>
>
> On 3 Feb 2020, at 14:04, Brandon Long via mailop wrote:
>
>> One of the main reasons I don't think we should use such long retries
>> is
>> that it violates user expectations.  Users often treat email as nearly
>> instantaneous, because it normally is... so taking hours or days of
>> actually failing without any quick indication to the user violates
>> that
>> expectation.
>
> This. Expectations have changes *a lot* over the years.
>
> For some pairs of correspondents, it's ok to wait a couple days for an
> email. For others, a message delayed more than a few hours is pointless.
>
> For bulk outbound email, we tend to see a queue that doesn't drain fast
> enough as a sign of trouble.
>

I've always made a point of educating people that email is not an SLA'd
service and the odd delay will happen. If people need a fast response they
need an interactive engagement - a phonecall.
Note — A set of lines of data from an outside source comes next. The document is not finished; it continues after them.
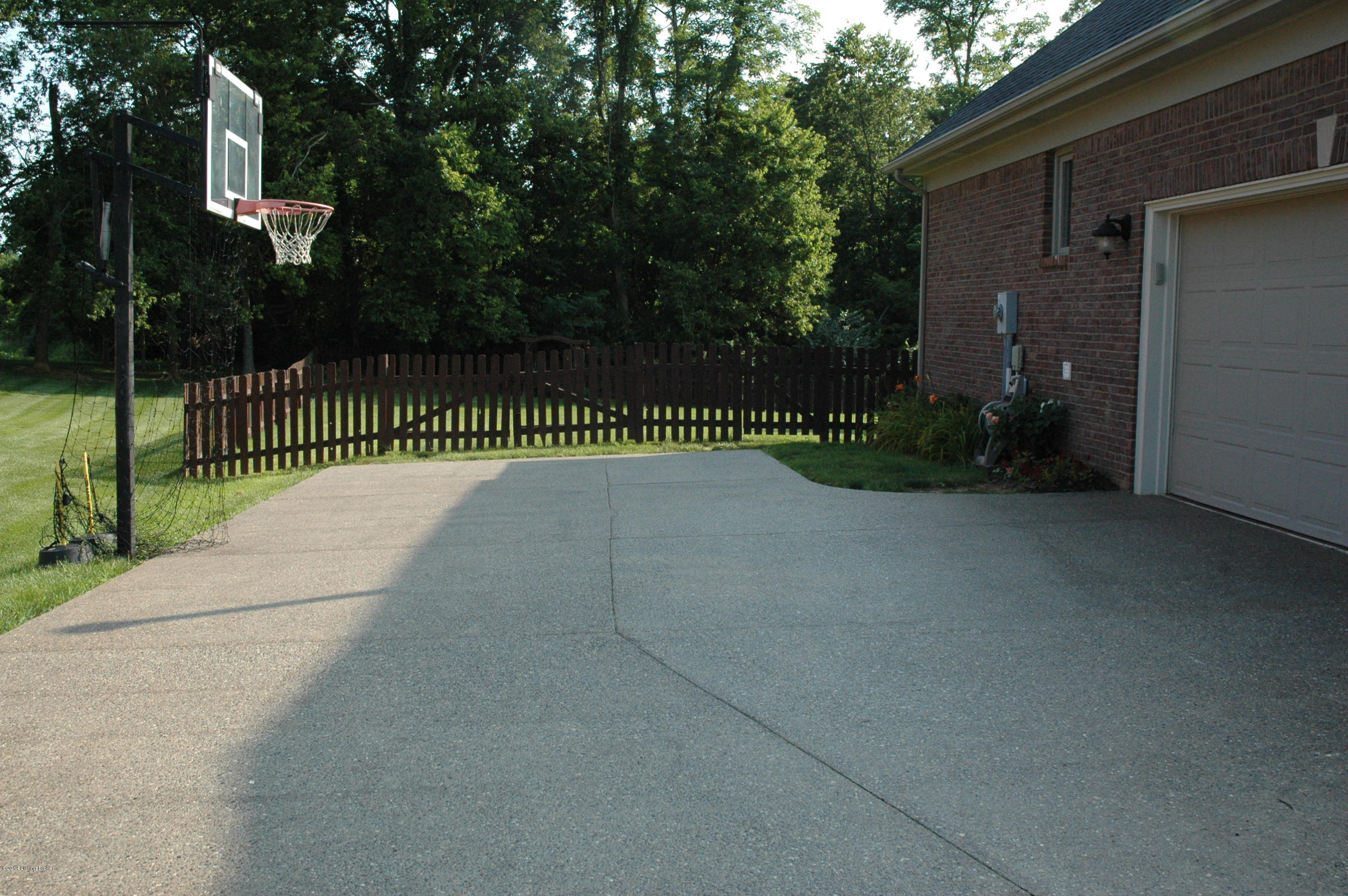 14016 Spring Mill Road Louisville, KY 40245 - Photo 36 of 39 Spacious Turn-around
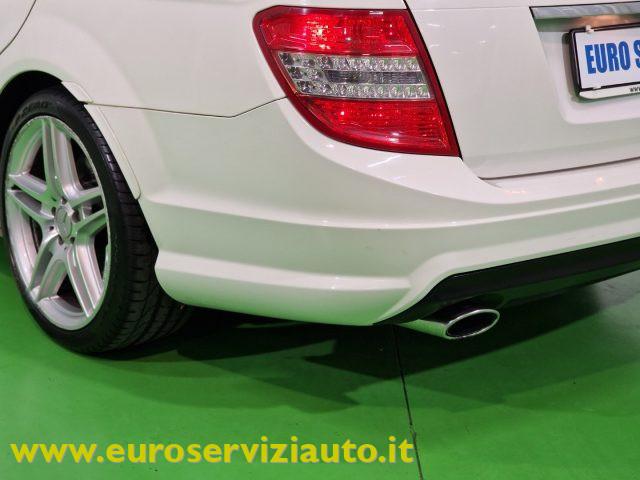 MERCEDES-BENZ C 220 CDI S.W. Avantgarde AMG
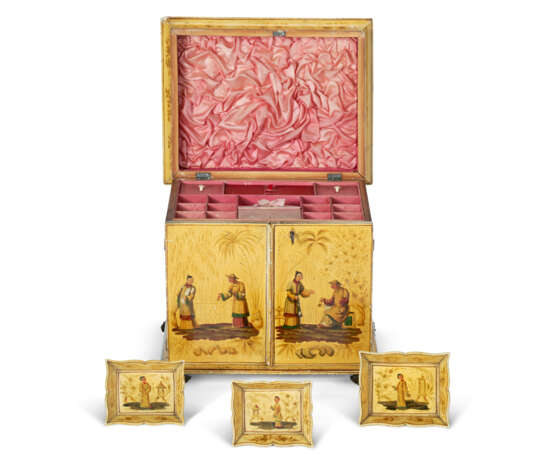 A WILLIAM IV YELLOW, CREAM-JAPANNED, AND GILT JEWEL CABINET - фото 5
SMS services are the same. As usual as text-message notifications are,
they can and do get delayed in the network sometime. Reasons that
emergency services are usually turned out by methods more timely and
reliable.

I agree that quietly queueing for a reasonable amount of time is a great
way to manage outages, so i'm not keen to see a trend toward reducing
queue times much lower than they are already. The guy frantically
rebuilding the mail-server and reconfiguring it on the fly because backup
recovery isn't viable, values knowing that he can liven up the machine and
receive his queue 36 hours later.

Mark.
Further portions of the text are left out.